* **Exercise prompt**
Reproduce the records below exactly as they appear, omitting any pictures they contain.

▶

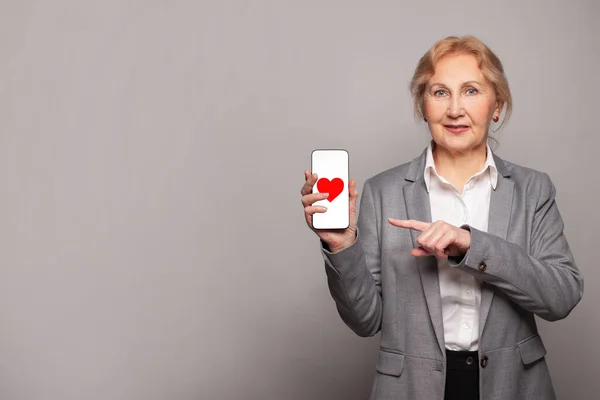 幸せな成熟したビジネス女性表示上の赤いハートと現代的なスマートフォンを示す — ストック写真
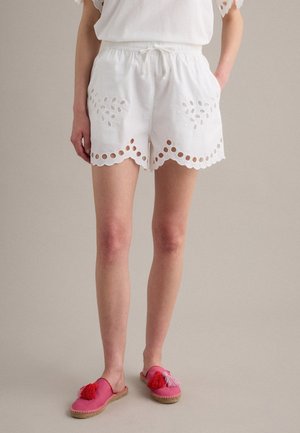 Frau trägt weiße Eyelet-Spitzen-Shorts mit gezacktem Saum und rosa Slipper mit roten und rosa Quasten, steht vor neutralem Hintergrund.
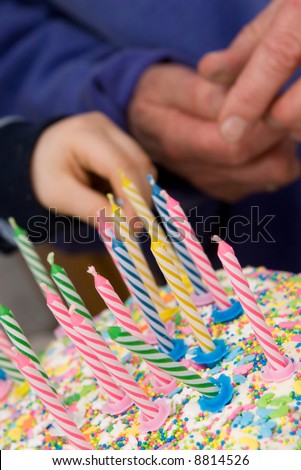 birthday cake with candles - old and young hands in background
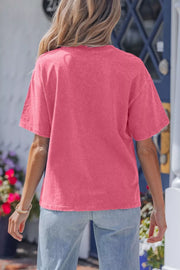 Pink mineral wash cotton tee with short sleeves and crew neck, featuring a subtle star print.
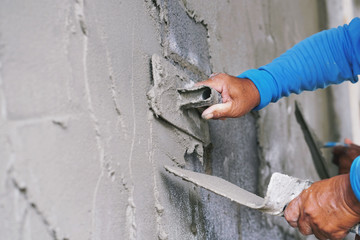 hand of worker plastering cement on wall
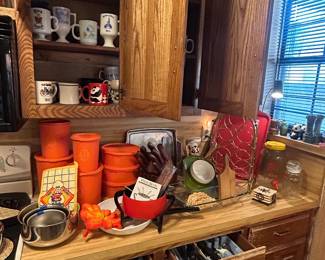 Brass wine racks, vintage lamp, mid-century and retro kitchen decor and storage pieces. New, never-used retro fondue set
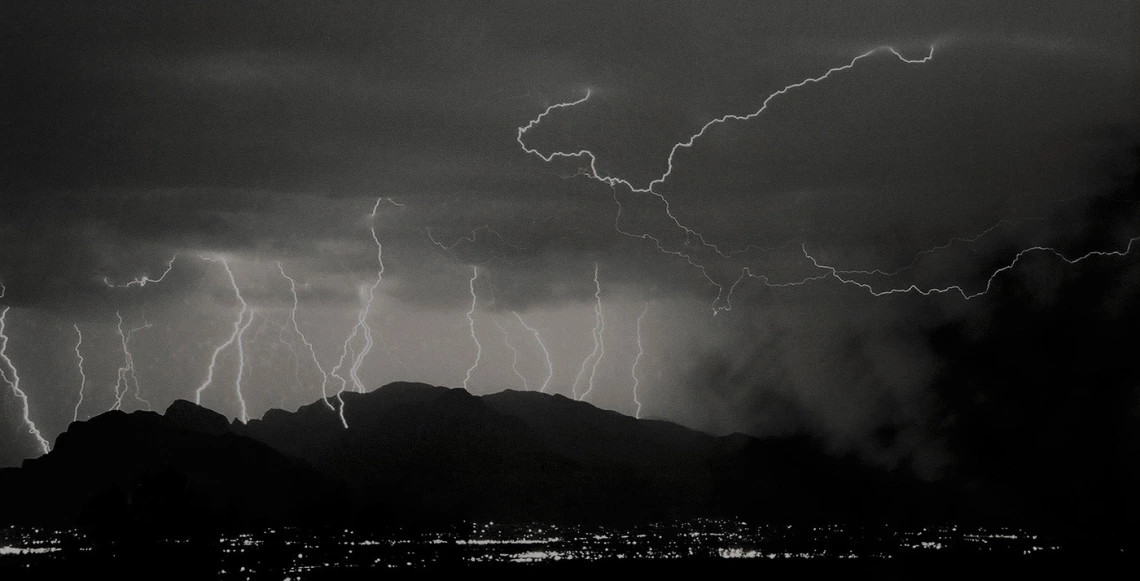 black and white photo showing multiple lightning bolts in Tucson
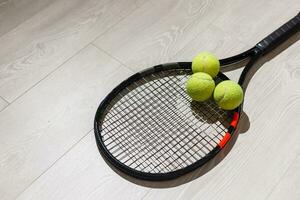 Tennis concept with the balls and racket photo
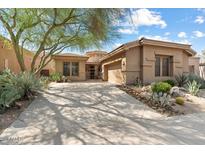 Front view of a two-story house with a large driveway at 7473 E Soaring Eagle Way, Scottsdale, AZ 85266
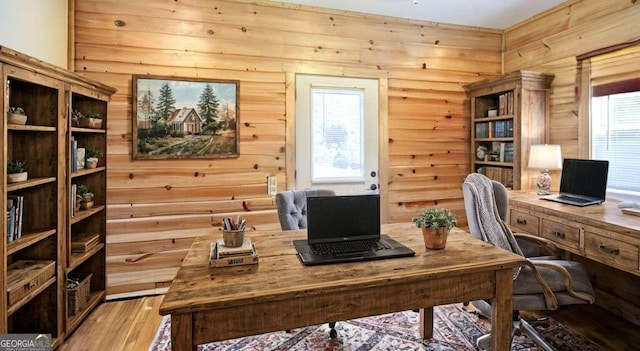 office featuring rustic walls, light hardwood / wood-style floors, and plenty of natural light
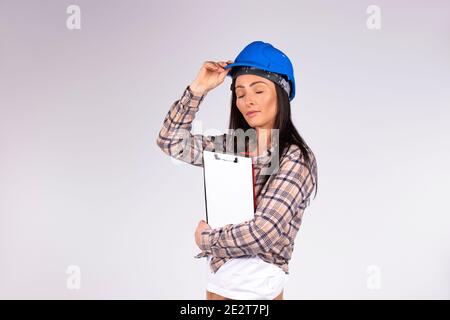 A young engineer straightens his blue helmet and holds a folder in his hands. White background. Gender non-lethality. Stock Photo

◀

* **Solved problem**
 幸せな成熟したビジネス女性表示上の赤いハートと現代的なスマートフォンを示す — ストック写真
 Frau trägt weiße Eyelet-Spitzen-Shorts mit gezacktem Saum und rosa Slipper mit roten und rosa Quasten, steht vor neutralem Hintergrund.
 birthday cake with candles - old and young hands in background
 Pink mineral wash cotton tee with short sleeves and crew neck, featuring a subtle star print.
 hand of worker plastering cement on wall
 Brass wine racks, vintage lamp, mid-century and retro kitchen decor and storage pieces. New, never-used retro fondue set
 black and white photo showing multiple lightning bolts in Tucson
 Tennis concept with the balls and racket photo
 Front view of a two-story house with a large driveway at 7473 E Soaring Eagle Way, Scottsdale, AZ 85266
 office featuring rustic walls, light hardwood / wood-style floors, and plenty of natural light
 A young engineer straightens his blue helmet and holds a folder in his hands. White background. Gender non-lethality. Stock Photo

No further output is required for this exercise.